Short sales always present more challenges than normal sales, simply because a short sale is a type of distressed sale and requires the borrowers lender to participate if it is to be done. The lender must approve everything from the price, to commission for the agents, and most imortantly the forgiveness of the debt that is owed beyond the proceeds of the sale. So naturally, there has been somewhat of a battle between the interests of the banks and the interest of homeowners who are underwater. Originally, when you did a short sale you were taxed on the amount that you were forgiven by the lender. This was a serious downside to doing a short sale because it could leave you with a large tax bill. For example, if you bought a house for $500k, still owe $450k and it's now worth $250k in the current market then doing a short sale means that you would be forgiven $200k by the lender (assuming it sold for 250k) The IRS looks at the forgiven $200k as "Imputable" income which is subject to normal tax rates. But in 2007 when short sales really took off, Congress passed a provision that allowed homeowners to exclude forgiven debt on their income taxes. This was much needed, as short sales have been and continue to be a huge part of the market and will be for some time.
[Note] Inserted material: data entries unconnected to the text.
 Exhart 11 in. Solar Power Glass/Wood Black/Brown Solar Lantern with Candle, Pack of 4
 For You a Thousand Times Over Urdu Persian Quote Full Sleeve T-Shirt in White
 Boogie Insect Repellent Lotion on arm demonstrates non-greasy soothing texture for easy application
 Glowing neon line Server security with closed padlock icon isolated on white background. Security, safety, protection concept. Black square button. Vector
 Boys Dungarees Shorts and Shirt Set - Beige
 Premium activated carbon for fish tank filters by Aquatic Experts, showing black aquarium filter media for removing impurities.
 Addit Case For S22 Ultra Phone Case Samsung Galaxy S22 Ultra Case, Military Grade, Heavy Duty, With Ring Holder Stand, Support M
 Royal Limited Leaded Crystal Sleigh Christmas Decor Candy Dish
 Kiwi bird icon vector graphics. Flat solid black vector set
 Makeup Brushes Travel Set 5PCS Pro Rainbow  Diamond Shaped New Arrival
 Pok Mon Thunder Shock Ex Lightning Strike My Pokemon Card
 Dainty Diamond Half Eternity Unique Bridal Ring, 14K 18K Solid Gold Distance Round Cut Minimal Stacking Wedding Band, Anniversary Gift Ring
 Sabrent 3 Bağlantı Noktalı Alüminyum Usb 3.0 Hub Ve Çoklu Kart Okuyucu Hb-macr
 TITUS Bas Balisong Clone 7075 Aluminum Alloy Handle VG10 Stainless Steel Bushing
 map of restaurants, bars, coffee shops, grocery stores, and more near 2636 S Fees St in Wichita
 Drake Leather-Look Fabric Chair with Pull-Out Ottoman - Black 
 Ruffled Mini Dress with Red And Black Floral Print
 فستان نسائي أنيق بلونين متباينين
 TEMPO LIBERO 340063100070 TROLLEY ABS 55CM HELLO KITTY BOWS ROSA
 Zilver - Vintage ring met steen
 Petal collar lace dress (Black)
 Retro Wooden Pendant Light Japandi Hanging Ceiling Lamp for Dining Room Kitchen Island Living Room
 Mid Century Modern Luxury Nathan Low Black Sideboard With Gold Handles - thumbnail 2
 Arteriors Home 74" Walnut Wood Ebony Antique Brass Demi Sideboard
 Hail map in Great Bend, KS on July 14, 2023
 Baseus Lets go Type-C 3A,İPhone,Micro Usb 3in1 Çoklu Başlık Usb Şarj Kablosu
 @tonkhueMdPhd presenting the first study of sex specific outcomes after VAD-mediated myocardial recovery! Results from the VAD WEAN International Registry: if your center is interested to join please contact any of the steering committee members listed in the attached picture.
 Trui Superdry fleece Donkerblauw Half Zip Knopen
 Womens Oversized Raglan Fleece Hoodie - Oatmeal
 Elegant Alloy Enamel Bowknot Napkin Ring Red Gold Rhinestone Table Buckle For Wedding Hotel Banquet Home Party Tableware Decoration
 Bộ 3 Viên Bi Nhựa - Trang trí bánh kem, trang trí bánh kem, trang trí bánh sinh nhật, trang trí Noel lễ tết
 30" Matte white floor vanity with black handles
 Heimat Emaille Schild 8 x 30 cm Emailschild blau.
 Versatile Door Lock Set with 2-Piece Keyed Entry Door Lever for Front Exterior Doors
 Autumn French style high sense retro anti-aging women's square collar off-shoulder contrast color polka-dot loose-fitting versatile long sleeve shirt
The provision was extended once through 2012, but it is currently set to expire in 2013. There is s huge effort to get it extended again..and I hope for the sake of the real estate market in Oakland and across the country..and all the homeowners who are underwater and facing hard times that it's extended again. The last thing our economy needs is another financial burden on taxpayers. Although our marker in Oakland is seeing vast improvements, short sales will continue to be a part of the market for at least a couple more years. For this reason, it's important that the det cancellation stays in place.